Advocates for victims of sexual abuse say that Pennsylvania Attorney General Linda Kelly sent a strong message that child sexual abuse can’t be concealed when she brought additional charges against three former top Penn State administrators Thursday.
Matt Casey, the attorney representing the man who came forward this summer as “Victim 2,” declined comment, according to a woman who answered the phone at his firm Thursday afternoon. Attorneys for the other victims did not return calls for comment as of press time Thursday.
Kristen Houser, vice president of communications and development for the Pennsylvania Coalition Against Rape, said leaders who hesitate or give the “benefit of the doubt” to an offender hurt both people and the institutions they’re trying to protect.
“We need the leaders of our schools, institutions and youth-serving organizations to follow the laws that are put in place to protect children first and foremost,” Houser said. “If you act to protect children, you automatically are also acting to protect your institution.”
The Penn State case, and sexual abuse situations within the Boy Scouts of America, Catholic church and various school districts in Pennsylvania show the dangers of trying to keep sexual abuse allegations out of the public eye, Houser said.

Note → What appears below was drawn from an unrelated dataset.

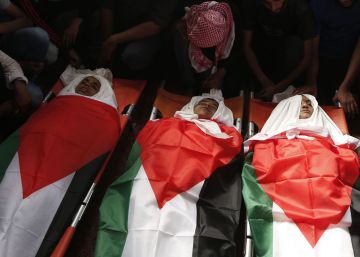La muerte de tres adolescentes en un ataque israelí conmociona Gaza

Houser said this shows people that they need to report abuse that they suspect or someone discloses to them instead of trying to play detective themselves.
“Pennsylvania, by filing these kinds of charges, is sending a strong message to people who have the care of children that you must comply with the law that was written to protect children,” Houser said.
PCAR worked with Penn State’s new administration to train more than 9,000 faculty, staff and volunteers about how to comply with child abuse reporting laws, Houser said. They’ve also been trained in how to recognize signs of abuse and how to call in abuse if they have suspicion, Houser said.
Curtis St. John, Male Survivor media spokesperson, said he’s glad that this isn’t being ignored, but he has compassion for Curley.
“As someone once put it, if he walked into the shower and saw Sandusky beating a child with his fist, there’d be no question as to what to do. With this sort of crime, people don’t like to talk about it,” St. John said. “People want to make it go away. Unfortunately, you can’t do that.”
St. John said the men who came forward in the case are a catalyst for change, giving men permission for speaking up about sexual abuse.
A case doesn’t need to go through the justice system for abused men to recover, but the charges should help them feel validated, St. John said. It’s important to be believed as a victim, he said.
Penn State is “stepping up to the plate” in addressing the problem, St. John said, and is setting an example to other organization, such as the Boy Scouts.
“What’s happening at Penn State is horrible, don’t get me wrong,” St. John said. “However, Penn State’s setting an example now for the world.”